Brief descriptive captions:
****************
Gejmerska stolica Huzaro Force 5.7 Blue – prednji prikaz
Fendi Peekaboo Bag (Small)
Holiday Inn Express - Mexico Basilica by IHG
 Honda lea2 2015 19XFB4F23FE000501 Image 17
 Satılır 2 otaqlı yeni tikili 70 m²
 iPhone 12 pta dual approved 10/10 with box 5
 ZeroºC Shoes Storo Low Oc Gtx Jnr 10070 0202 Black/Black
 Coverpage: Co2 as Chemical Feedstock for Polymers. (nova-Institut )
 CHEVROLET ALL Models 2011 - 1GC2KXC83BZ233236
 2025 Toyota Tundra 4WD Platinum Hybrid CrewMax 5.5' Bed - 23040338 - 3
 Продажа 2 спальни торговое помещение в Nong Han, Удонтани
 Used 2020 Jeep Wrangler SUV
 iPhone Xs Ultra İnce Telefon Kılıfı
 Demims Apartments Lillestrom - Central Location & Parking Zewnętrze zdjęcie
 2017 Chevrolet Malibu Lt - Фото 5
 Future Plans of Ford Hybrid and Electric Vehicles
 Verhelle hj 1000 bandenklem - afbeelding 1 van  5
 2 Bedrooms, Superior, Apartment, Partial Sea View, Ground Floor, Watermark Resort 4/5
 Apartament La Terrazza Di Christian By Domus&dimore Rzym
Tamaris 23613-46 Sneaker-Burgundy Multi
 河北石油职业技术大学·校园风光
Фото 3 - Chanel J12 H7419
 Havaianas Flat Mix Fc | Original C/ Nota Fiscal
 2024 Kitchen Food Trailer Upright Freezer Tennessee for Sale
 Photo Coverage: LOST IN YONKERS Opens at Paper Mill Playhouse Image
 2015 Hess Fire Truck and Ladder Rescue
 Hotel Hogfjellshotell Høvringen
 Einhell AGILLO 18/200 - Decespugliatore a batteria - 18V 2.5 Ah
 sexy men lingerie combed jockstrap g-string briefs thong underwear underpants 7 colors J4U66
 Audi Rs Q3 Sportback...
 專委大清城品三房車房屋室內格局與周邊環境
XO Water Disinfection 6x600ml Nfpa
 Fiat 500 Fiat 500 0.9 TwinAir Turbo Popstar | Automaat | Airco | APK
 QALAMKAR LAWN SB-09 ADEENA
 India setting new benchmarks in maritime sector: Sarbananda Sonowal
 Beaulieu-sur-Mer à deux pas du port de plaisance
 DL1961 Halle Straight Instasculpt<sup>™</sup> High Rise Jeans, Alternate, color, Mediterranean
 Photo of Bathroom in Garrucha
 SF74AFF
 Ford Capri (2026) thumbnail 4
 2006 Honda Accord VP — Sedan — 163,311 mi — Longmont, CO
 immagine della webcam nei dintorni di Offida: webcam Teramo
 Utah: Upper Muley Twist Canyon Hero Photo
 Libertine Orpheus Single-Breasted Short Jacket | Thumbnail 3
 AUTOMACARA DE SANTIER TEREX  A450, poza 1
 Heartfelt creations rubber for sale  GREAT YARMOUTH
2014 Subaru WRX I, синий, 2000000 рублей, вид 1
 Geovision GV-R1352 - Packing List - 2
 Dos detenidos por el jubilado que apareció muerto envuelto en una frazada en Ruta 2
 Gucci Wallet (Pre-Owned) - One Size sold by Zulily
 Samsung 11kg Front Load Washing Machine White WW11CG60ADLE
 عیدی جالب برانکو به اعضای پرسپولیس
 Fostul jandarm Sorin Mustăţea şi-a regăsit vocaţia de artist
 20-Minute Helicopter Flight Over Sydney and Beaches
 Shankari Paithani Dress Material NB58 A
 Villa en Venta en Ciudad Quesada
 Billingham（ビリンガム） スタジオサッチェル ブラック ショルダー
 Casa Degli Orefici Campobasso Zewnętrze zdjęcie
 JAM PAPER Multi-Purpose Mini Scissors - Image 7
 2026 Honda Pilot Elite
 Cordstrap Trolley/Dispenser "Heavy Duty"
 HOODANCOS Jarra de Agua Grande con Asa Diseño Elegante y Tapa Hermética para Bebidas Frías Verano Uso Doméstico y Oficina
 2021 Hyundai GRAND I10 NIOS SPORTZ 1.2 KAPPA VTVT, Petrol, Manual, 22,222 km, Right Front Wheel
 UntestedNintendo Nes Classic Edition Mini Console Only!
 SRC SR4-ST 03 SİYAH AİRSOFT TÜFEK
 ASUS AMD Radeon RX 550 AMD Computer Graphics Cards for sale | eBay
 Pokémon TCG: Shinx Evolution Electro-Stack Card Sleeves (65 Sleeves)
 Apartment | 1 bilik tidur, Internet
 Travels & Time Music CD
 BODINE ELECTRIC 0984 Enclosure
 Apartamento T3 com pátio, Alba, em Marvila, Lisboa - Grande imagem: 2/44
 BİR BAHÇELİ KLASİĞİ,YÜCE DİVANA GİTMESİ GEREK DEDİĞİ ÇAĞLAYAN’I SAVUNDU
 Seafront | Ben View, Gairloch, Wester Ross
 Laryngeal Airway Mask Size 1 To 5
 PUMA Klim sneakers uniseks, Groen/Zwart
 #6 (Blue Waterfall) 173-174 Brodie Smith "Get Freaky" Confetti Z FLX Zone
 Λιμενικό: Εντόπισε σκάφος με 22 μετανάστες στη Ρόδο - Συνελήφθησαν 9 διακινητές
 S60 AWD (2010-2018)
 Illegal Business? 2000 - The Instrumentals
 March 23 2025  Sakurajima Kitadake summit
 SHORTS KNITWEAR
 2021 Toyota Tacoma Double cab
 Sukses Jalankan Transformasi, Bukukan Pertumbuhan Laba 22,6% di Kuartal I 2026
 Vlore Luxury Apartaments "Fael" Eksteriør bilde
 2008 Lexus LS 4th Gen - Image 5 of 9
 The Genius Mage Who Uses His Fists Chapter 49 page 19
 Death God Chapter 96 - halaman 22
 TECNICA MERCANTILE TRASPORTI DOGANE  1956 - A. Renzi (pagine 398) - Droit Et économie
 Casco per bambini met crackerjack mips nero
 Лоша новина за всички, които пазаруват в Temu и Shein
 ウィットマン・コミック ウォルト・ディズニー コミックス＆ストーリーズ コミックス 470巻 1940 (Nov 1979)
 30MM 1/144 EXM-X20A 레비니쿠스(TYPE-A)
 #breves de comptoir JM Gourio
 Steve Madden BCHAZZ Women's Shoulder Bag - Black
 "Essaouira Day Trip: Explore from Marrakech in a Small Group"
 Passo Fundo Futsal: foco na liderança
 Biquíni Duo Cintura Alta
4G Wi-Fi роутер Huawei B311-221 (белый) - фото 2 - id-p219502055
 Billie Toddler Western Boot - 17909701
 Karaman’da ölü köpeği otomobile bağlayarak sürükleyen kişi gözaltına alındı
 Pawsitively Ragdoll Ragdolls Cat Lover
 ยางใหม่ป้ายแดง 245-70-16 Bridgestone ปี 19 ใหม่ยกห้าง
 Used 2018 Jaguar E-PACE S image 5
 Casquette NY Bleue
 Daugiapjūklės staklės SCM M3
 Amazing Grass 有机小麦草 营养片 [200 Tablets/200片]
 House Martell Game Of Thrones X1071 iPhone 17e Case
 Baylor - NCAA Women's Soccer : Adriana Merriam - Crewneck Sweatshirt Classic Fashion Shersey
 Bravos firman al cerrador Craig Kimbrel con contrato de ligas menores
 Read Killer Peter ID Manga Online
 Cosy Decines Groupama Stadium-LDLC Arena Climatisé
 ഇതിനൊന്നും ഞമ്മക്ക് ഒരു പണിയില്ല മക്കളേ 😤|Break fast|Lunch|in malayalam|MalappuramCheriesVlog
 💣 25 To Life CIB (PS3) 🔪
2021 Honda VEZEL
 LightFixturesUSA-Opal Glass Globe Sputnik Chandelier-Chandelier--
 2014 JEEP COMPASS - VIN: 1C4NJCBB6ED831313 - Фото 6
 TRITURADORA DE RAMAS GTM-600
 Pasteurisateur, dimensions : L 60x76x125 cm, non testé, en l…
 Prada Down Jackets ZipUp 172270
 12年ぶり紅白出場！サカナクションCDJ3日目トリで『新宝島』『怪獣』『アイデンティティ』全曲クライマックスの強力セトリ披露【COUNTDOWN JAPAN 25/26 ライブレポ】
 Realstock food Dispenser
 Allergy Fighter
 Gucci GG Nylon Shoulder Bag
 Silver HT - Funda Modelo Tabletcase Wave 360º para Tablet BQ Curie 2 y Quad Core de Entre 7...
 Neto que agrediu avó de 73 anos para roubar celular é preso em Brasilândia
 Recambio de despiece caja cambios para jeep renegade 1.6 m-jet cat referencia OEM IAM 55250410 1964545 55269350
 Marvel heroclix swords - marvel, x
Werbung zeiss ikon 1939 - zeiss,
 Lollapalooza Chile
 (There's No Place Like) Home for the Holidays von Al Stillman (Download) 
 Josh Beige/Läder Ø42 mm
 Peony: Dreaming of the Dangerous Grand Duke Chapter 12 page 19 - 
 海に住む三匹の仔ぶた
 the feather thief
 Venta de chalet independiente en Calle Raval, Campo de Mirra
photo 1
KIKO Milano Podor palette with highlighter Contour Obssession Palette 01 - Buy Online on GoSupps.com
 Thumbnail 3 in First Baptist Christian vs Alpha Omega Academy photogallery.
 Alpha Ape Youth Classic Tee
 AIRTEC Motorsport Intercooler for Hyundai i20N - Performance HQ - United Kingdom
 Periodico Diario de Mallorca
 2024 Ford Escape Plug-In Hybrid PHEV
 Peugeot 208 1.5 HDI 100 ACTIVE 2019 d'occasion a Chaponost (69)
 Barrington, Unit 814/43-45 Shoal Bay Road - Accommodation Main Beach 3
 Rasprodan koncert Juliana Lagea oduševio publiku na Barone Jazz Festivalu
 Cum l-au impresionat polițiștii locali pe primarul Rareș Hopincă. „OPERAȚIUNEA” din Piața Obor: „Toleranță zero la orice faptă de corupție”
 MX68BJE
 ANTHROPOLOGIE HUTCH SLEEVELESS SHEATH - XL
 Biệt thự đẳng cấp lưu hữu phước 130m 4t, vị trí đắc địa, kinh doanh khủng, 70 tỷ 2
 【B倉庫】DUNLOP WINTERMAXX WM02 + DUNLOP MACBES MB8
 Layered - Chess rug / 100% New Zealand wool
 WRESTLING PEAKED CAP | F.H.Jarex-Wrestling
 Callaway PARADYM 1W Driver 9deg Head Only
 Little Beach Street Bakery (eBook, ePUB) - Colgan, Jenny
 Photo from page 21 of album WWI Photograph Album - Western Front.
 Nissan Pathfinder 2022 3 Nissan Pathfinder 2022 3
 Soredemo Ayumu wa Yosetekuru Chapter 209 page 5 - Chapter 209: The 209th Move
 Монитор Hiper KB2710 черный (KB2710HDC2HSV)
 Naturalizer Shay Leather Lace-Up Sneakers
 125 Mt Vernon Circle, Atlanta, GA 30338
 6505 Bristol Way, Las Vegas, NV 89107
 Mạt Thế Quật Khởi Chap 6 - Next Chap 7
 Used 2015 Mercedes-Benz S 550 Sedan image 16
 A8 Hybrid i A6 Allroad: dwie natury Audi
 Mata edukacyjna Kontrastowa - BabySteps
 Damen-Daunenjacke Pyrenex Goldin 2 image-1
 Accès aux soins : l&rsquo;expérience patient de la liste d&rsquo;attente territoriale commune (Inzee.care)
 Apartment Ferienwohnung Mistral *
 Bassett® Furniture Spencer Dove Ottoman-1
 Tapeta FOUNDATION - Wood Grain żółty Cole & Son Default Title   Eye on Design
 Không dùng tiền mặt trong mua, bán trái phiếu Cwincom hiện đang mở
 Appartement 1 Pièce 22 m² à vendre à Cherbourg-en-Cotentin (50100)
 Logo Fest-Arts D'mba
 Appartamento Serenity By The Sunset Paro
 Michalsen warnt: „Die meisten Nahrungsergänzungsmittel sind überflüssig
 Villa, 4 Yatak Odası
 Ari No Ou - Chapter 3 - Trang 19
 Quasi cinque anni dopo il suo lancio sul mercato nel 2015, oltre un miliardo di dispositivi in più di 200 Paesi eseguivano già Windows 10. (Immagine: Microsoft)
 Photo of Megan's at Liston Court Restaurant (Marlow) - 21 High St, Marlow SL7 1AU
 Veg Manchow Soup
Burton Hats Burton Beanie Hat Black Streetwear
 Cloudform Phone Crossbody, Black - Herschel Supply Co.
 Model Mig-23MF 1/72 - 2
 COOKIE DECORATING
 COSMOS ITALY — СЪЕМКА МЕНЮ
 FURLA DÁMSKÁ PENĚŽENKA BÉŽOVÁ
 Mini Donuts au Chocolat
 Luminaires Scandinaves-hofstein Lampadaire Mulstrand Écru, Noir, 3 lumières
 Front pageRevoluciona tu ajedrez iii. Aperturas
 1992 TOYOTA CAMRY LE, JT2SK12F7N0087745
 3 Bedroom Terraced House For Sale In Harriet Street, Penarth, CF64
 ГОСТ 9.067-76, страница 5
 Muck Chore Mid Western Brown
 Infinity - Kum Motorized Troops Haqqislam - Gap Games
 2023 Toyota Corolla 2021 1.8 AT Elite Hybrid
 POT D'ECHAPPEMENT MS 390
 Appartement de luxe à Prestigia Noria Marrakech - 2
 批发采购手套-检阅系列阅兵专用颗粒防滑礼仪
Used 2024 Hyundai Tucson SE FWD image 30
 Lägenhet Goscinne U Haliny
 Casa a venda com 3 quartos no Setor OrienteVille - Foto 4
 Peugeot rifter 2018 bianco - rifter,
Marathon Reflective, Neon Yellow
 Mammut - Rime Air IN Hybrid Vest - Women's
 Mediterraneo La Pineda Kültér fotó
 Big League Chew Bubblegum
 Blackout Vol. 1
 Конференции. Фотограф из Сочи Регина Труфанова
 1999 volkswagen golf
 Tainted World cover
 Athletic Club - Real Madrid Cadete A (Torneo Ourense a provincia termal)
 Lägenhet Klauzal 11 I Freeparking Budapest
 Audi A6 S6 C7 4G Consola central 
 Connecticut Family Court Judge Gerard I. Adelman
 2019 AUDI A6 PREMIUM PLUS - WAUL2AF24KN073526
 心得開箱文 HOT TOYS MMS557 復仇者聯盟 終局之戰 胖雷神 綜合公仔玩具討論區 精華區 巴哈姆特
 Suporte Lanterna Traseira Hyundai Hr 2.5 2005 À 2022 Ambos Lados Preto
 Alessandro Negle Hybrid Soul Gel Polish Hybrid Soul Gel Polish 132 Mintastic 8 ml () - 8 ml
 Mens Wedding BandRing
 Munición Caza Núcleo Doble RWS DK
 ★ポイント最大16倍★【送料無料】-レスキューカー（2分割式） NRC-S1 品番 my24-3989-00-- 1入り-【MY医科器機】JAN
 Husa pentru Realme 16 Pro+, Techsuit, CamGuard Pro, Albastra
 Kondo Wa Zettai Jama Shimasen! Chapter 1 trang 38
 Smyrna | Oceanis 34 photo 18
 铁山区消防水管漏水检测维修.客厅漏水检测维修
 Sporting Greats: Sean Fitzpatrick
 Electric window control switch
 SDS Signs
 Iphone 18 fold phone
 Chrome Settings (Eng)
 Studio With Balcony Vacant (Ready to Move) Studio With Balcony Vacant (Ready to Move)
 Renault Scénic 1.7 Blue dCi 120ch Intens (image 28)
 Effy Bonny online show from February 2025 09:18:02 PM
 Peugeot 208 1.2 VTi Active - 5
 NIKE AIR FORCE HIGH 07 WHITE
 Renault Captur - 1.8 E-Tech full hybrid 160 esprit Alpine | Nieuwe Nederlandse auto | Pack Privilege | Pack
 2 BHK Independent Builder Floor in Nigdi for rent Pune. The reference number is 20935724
****************
__What the task asks__. Reproduce precisely, and with no line left out, each line from the top of the entries through the line that carries "2025 Toyota Tundra".

__Response to this task__.
Gejmerska stolica Huzaro Force 5.7 Blue – prednji prikaz
Fendi Peekaboo Bag (Small)
Holiday Inn Express - Mexico Basilica by IHG
 Honda lea2 2015 19XFB4F23FE000501 Image 17
 Satılır 2 otaqlı yeni tikili 70 m²
 iPhone 12 pta dual approved 10/10 with box 5
 ZeroºC Shoes Storo Low Oc Gtx Jnr 10070 0202 Black/Black
 Coverpage: Co2 as Chemical Feedstock for Polymers. (nova-Institut )
 CHEVROLET ALL Models 2011 - 1GC2KXC83BZ233236
 2025 Toyota Tundra 4WD Platinum Hybrid CrewMax 5.5' Bed - 23040338 - 3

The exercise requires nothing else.